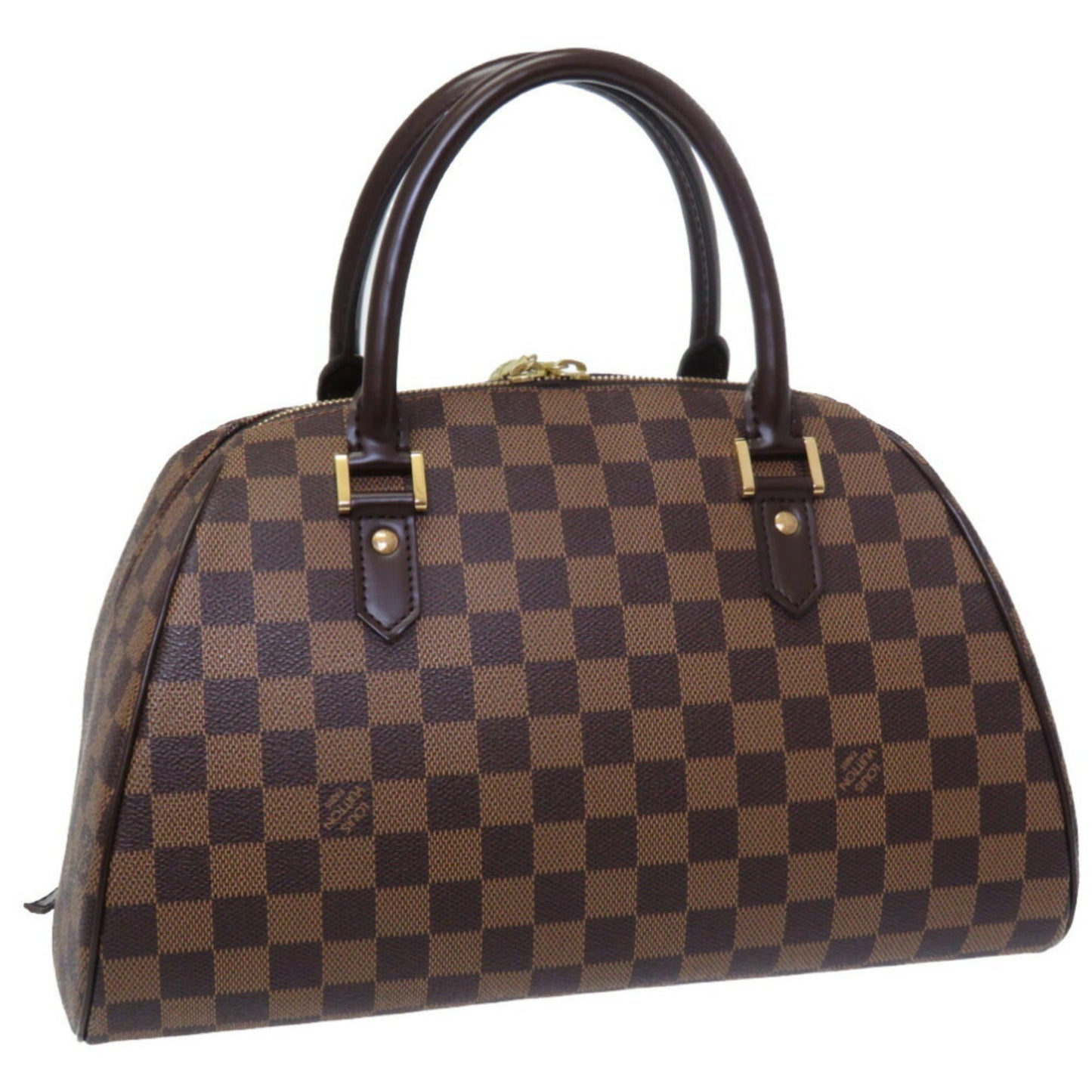 Louis Vuitton Damier Rivera MM N41434 Handbag Ebene 0039LOUIS VUITTON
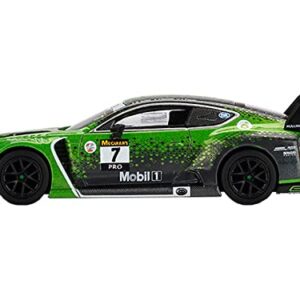 Bentley Continental GT3 (RHD) #7 Winner Liqui-Moly Bathurst 12 Hours (2020) Ltd Ed 1800 pcs 1/64 Diecast Model Car by True Scale Miniatures MGT00238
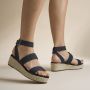 Cellini Espadrilles zwart Synthetisch - Thumbnail 1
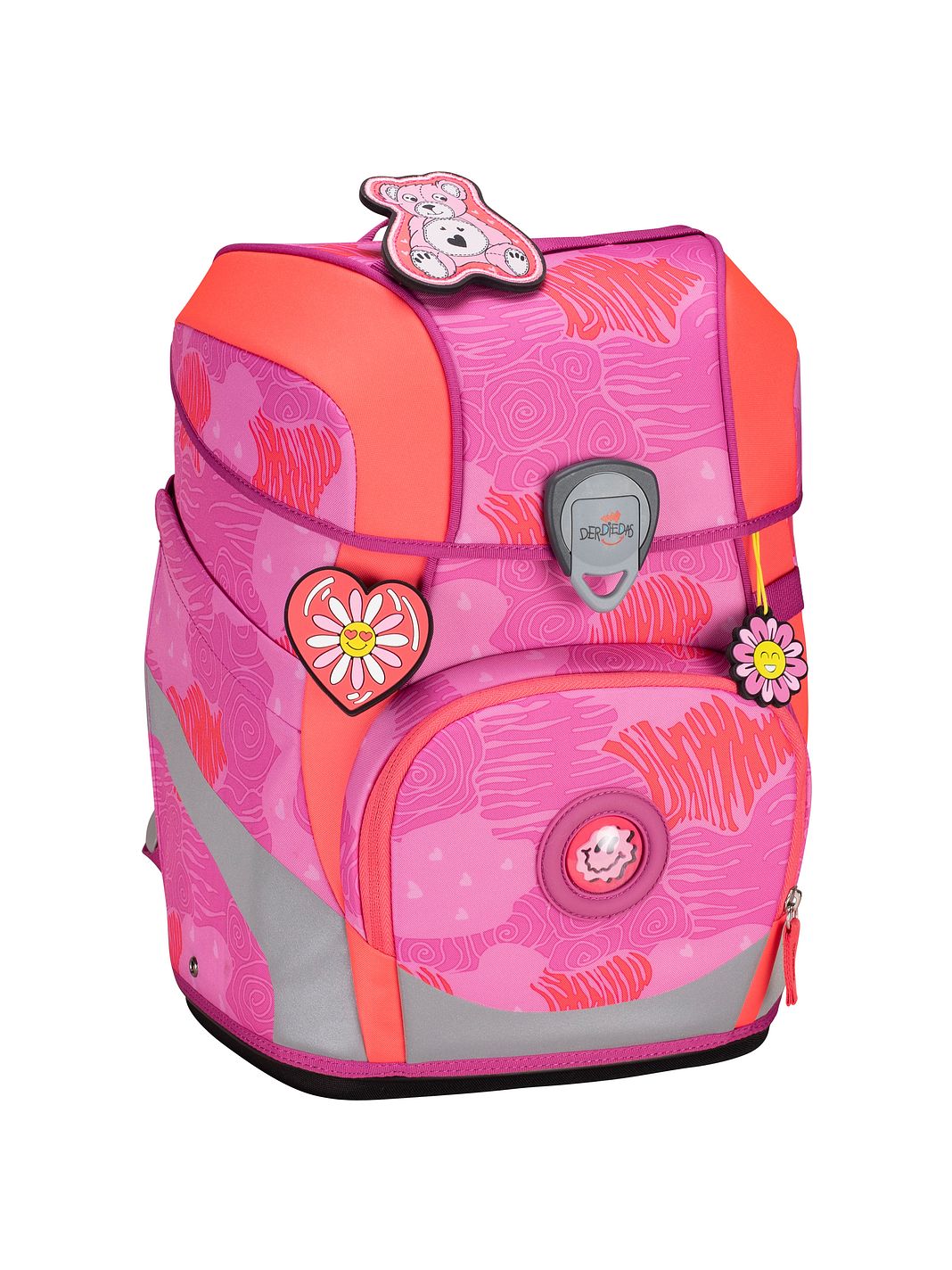 DerDieDas ErgoFlex Tiny Set di borse per la scuola 6 pezzi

> _Instructions to follow_
When a line carries an image, skip the image and repeat everything else above exactly as written.

> _Exercise response_
 Louis Vuitton Damier Rivera MM N41434 Handbag Ebene 0039LOUIS VUITTON
 Bentley Continental GT3 (RHD) #7 Winner Liqui-Moly Bathurst 12 Hours (2020) Ltd Ed 1800 pcs 1/64 Diecast Model Car by True Scale Miniatures MGT00238
 Cellini Espadrilles zwart Synthetisch - Thumbnail 1
 DerDieDas ErgoFlex Tiny Set di borse per la scuola 6 pezzi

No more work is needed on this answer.